(Material provided begins)

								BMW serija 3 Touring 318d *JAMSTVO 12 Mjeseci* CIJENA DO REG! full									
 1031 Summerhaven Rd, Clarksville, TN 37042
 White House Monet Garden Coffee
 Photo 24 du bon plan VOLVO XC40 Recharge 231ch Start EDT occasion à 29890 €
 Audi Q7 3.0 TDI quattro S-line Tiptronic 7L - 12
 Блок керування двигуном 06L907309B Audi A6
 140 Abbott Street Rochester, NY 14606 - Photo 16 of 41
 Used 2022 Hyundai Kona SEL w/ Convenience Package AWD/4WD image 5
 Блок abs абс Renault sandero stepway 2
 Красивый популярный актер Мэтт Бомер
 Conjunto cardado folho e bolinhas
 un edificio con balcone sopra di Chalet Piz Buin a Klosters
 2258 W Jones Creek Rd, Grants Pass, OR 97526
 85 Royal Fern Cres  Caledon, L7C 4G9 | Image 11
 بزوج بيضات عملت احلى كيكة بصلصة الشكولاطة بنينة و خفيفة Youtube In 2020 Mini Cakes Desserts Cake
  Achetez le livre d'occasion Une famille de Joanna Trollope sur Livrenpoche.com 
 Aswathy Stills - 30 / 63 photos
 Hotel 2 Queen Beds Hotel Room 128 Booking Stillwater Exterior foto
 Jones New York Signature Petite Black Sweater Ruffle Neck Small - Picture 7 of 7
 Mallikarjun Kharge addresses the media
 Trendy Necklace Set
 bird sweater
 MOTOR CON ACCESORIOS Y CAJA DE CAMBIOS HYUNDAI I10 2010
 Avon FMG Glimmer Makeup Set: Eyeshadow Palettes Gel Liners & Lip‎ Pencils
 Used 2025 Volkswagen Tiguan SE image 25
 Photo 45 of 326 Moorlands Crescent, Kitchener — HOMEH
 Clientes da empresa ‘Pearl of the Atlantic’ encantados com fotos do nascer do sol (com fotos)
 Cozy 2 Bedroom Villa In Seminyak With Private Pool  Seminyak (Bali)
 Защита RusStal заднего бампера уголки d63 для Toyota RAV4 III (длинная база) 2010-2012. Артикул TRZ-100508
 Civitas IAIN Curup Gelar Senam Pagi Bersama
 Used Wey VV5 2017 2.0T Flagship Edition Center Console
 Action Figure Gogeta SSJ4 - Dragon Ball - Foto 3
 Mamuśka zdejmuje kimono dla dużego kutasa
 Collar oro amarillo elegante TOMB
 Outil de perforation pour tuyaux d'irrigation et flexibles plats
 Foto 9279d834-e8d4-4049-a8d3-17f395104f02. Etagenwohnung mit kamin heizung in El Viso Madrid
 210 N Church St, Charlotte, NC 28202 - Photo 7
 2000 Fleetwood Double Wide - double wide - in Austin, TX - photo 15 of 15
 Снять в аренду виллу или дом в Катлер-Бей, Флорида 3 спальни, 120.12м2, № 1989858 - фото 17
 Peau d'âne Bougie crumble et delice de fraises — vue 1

(Material provided ends)

Scan the data, and report each line that uses the word "Jones".

 2258 W Jones Creek Rd, Grants Pass, OR 97526
 Jones New York Signature Petite Black Sweater Ruffle Neck Small - Picture 7 of 7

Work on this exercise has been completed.